Mostronius gençliğinde çok çapkınmış ve hayatı boyunca hiç evlenmemiş. Gençliğinde felsefe ile ilgisi yokmuş. Orta yaşlarında yıllar süren bir seyahate çıkmış. Belki de aradığı mutluluğu Afrodisyas’ta bulamayınca, ruh ikizini aramış. Bu seyahatte bir kaynağa göre iki, başka bir kaynağa göre üç yıl İskenderiye’de kalmış. Afrodisyas’a döndükten sonra bakmağa başladığı “gezegen falı”nı da orada öğrenmiş olmalı.

Mostronius ilişkiler konusunda kendi kişisel deneyimlerini İskenderiye’de öğrendikleriyle birleştirmiş. Geçimini gezegen falı bakarak sağlamış. Baktığı fallar çıktıkça tanınmış, zamanla adı filozofa çıkmış. Klasik filozofların aksine, hiç öğrenci yetiştirmemiş, hiç kitap yazmamış, adeta bir aşk doktoru gibi kendini insanların iyiliğine adamış. Afrodisyas ataerkil toplum yapısına sahip olduğu ve yıldız falı bakıldığı için, anaerkil toplumların falı olan gezegen falı, çağdaşı Plato’nun öğrencisi Xenocrates gibi klasik filozoflar tarafından dışlanmış olmalı. Hakim inanca aykırı öğretiler yayan Sokrat’ın baldıran zehiri içerek intihar etmeye mahkum edildiğini düşünürsek, gezegen falının tekniklerini kimseyle paylaşmamış olması hiç şaşırtıcı gelmiyor.

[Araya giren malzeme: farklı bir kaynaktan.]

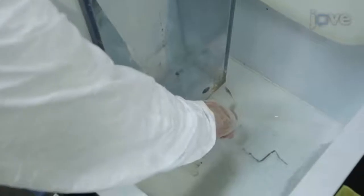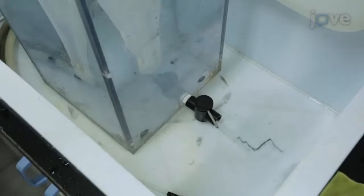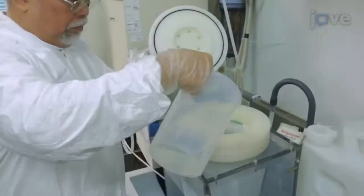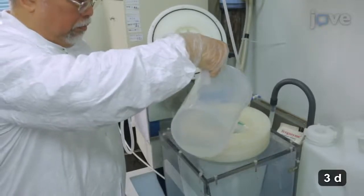Next, thoroughly flush the multi-layer gravity filtration sampler with reverse osmosis double distilled water. Then fill it with 0.1% hydrochloric acid and let it soak for 3 days.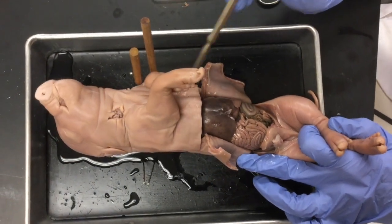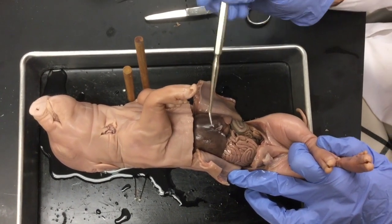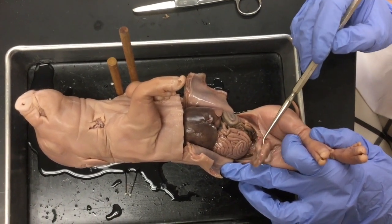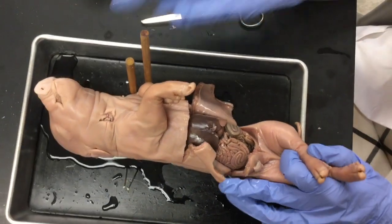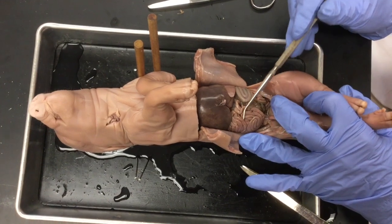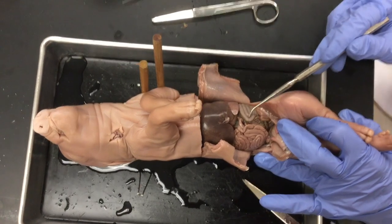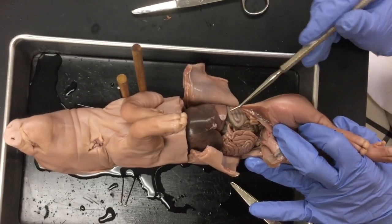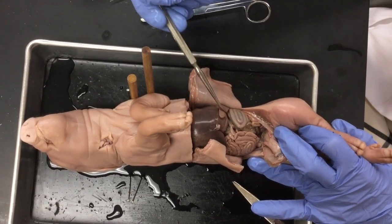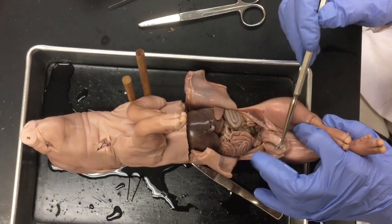Notice how far down your cut should be when you're actually cutting into the abdominal cavity. We can see where the vein was, attaching to the umbilical cord. We have several structures visible right away: intestines — small and large intestine — a greenish curlicue structure, a flap, some connective tissue. We can also lift the liver up and take a look at structures underneath.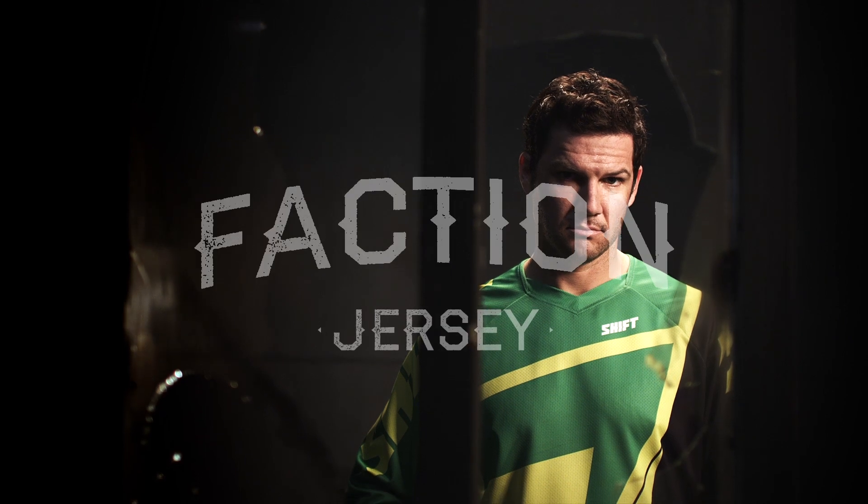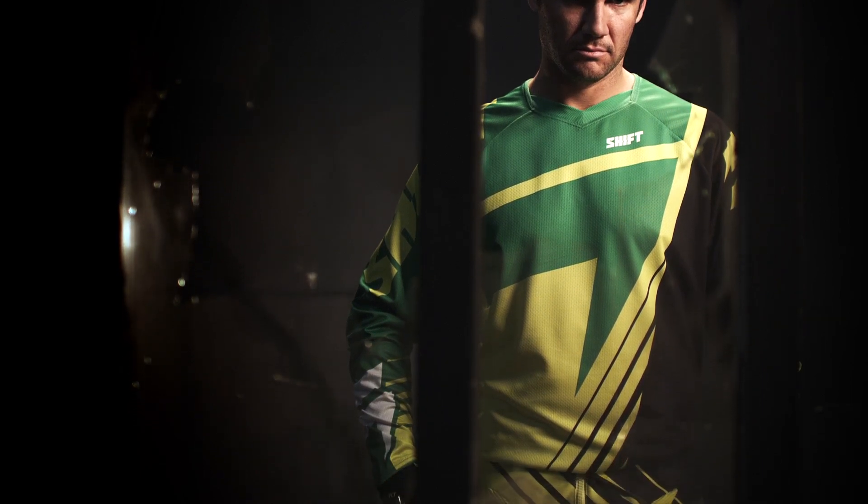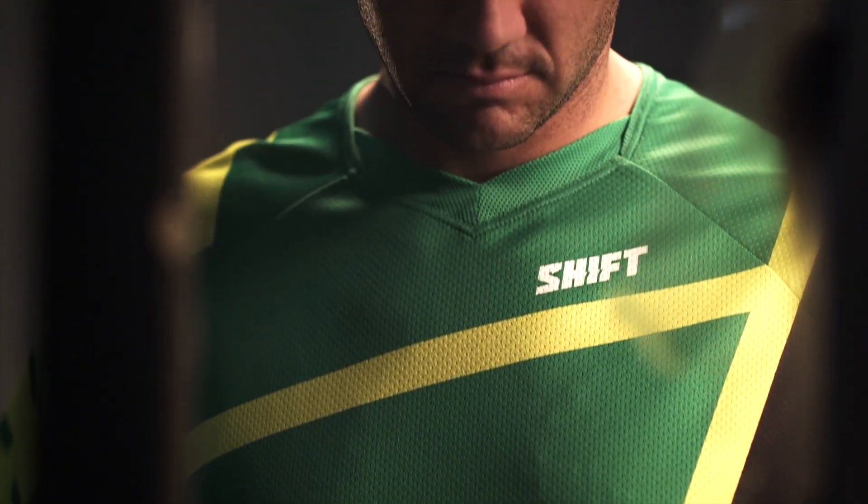The Faction Jersey is constructed of technical polyester and mesh fabrics throughout, providing both moisture wicking and ventilation for the ultimate in performance. Multi-panel construction increases ride position and articulation, and it features a multi-panel collar that increases comfort and performance.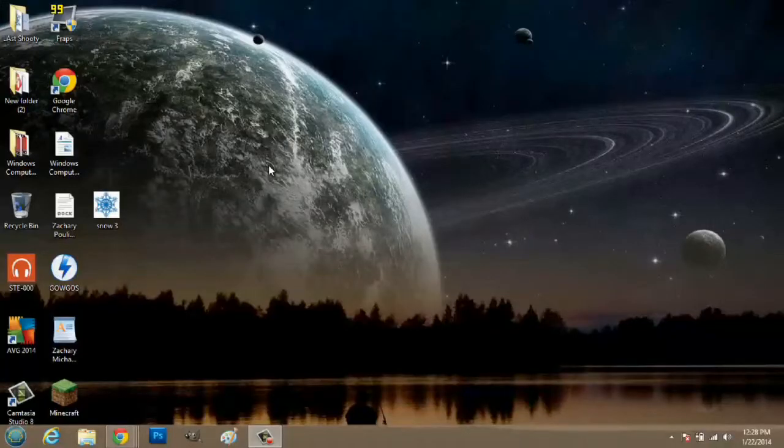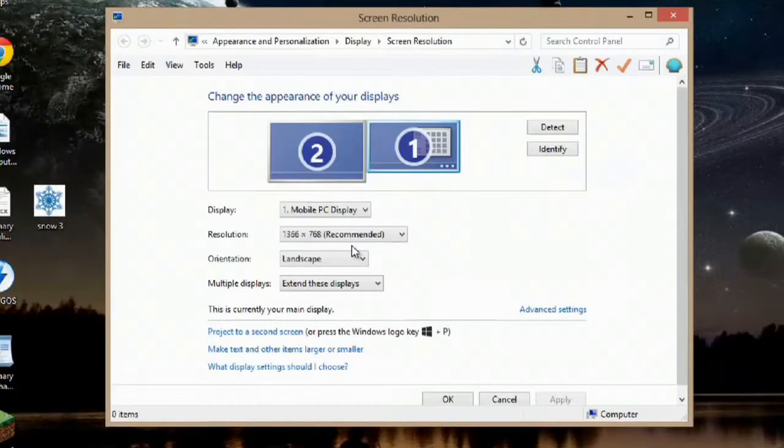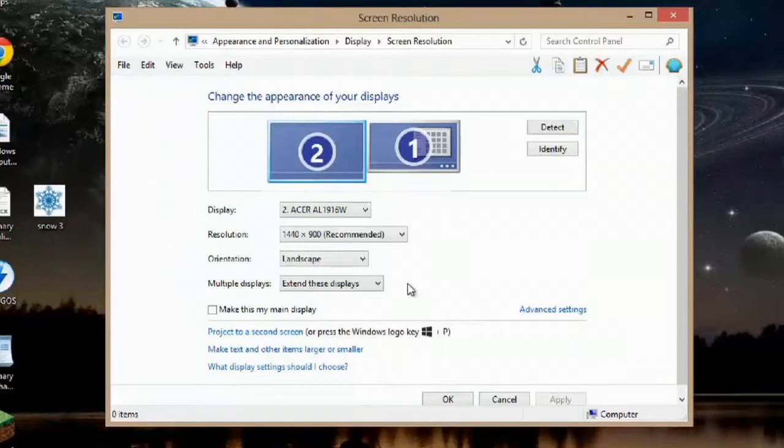Over here on my computer, what I'm going to do first is right-click and go to screen resolution. I have this other monitor set up and it's 1440 by 900. Now, that's the best resolution for that screen. If I were mirroring the display, it would actually take this screen's display, which is 1366, which is actually not as good as 1440. So over here, as you can see, I'm extending these displays rather than just mirroring or just showing on one or the other.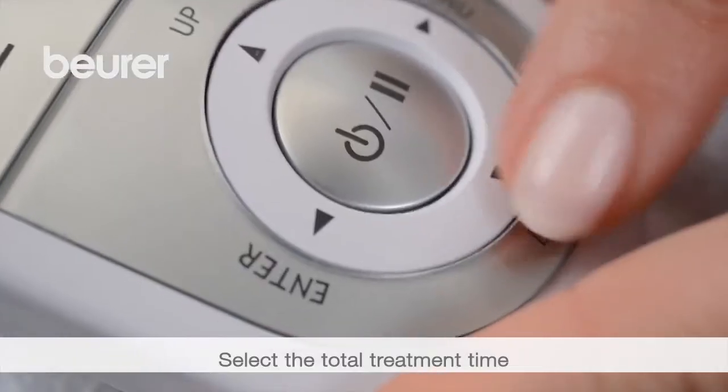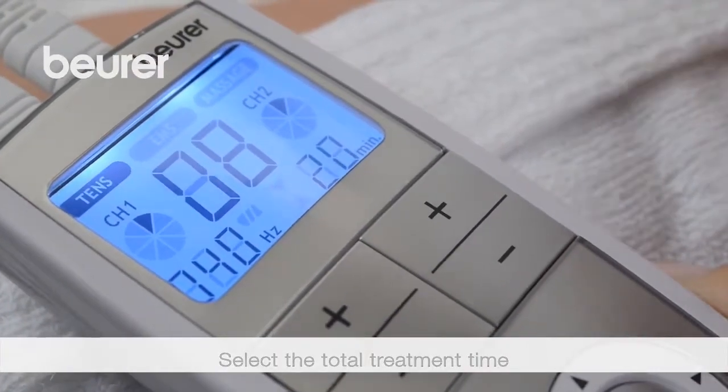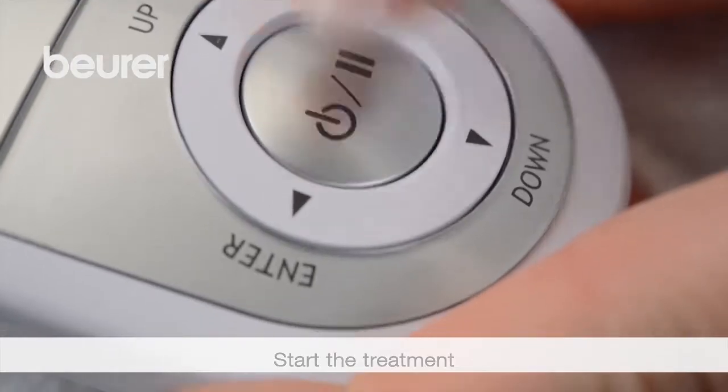Then select the total treatment time using Up-Down and confirm with Enter. Start the treatment with the On-Off button. You can also interrupt the treatment with On-Off.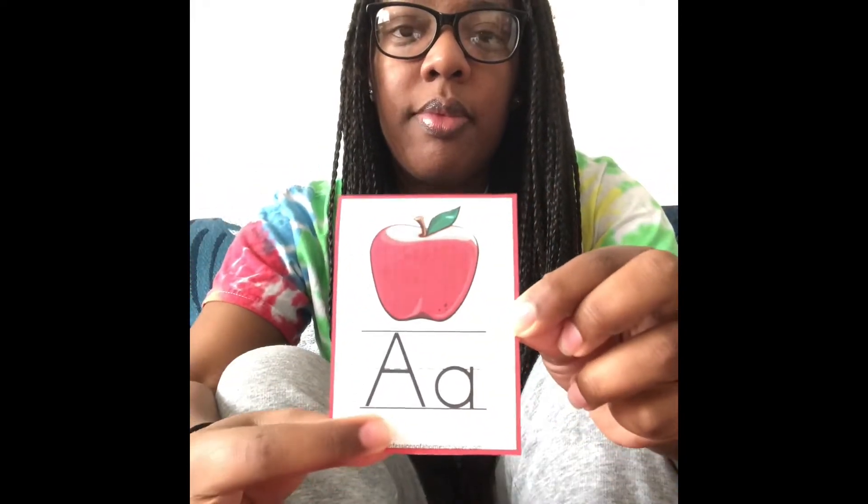Hi Landon! So today we're going to talk about the alphabet and we're going to talk about the first two letters. So the alphabet starts with the letter A. A is for apple.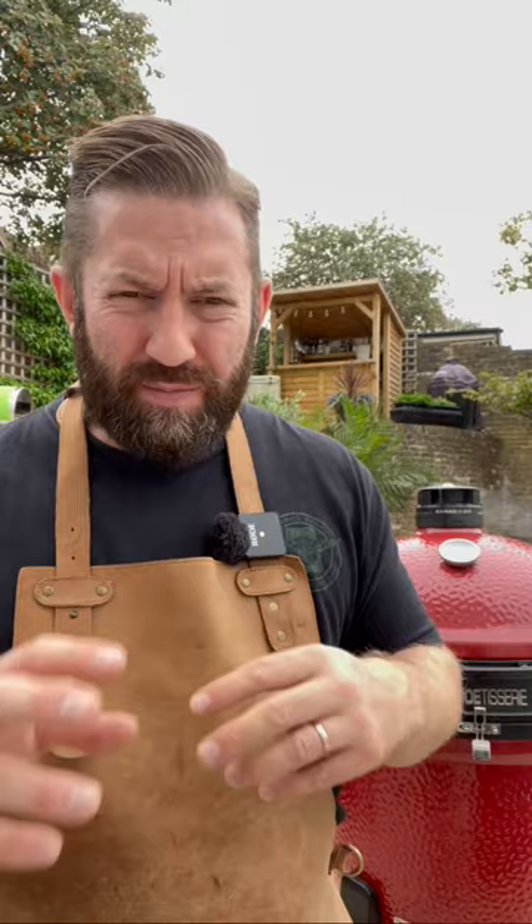that the rotisserie spikes are still holding the bird in place. Because it's a five and a half kilo bird, as it turns you will get a little bit of force as the turkey spins, and as the turkey starts to cook it will start to shrink up, so you might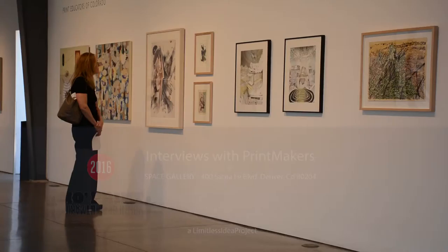Hi, we're here at the second iteration of Moprint, Moprint 2016, and this is Mark Lunning — he's one of the founders of Moprint. But first let's talk about Mark's work. We'll look at it with some cutaways, but I wanted you to explain a little bit about your process. How do you normally work?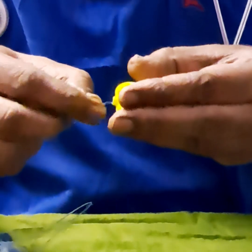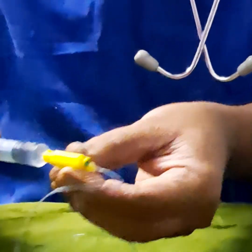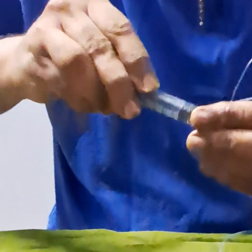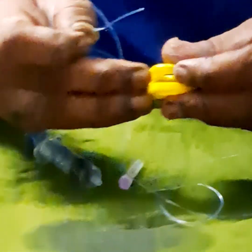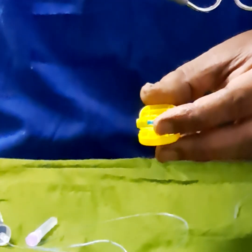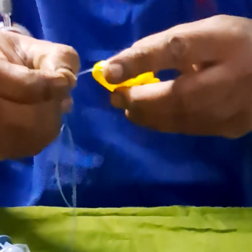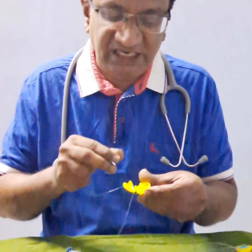If you only insert the catheter partway and close it, the drug will not go — you can see the drug is not going, or going very slowly. This is because the ridges are compressing the tip. If your tip is not distal to the 4th ridge, the compression may compress the tip and the flow will not be there. That is why sometimes if you insert only halfway, you cannot inject the drug.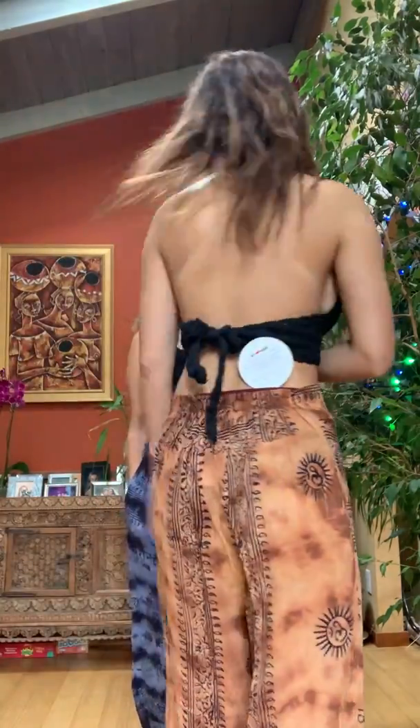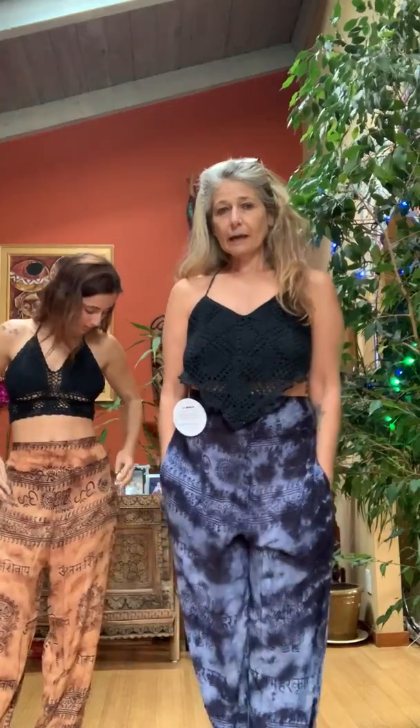They come either in the rust tie-dye or in the navy blue tie-dye like I'm wearing. Great thing about them is they have pockets, and we all love pockets.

Mostronius hakkındaki bulgular, 113. Olimpiyat zamanında (M.Ö.328) seyahatini tamamlayarak Afrodisyas’a döndüğünü ve 6 Olimpiyat (24 yıl) süreyle burada yaşadığını ortaya koyuyor. Büyük İskender’in ordularıyla Anadolu’dan geçip Hindistan’a kadar bilinen dünyayı fethettiği zamanlar onun gençliğine denk geliyor. Çok hareketli bir zamanda yaşamış, Büyük İskender ile gelen kültürel kaynaşma ve barış döneminde seyahat etmiş, İskenderiye’de bulunmuş. Yalnız Afrodisyas’lıların değil, ününü duyup uzak şehirlerden gelen ziyaretçilerin de ilişkilerini düzeltmede yardımcı olmuş. Zamanında çok tanınmış ve sevilmiş olmalı ki, büstü dikilmiş.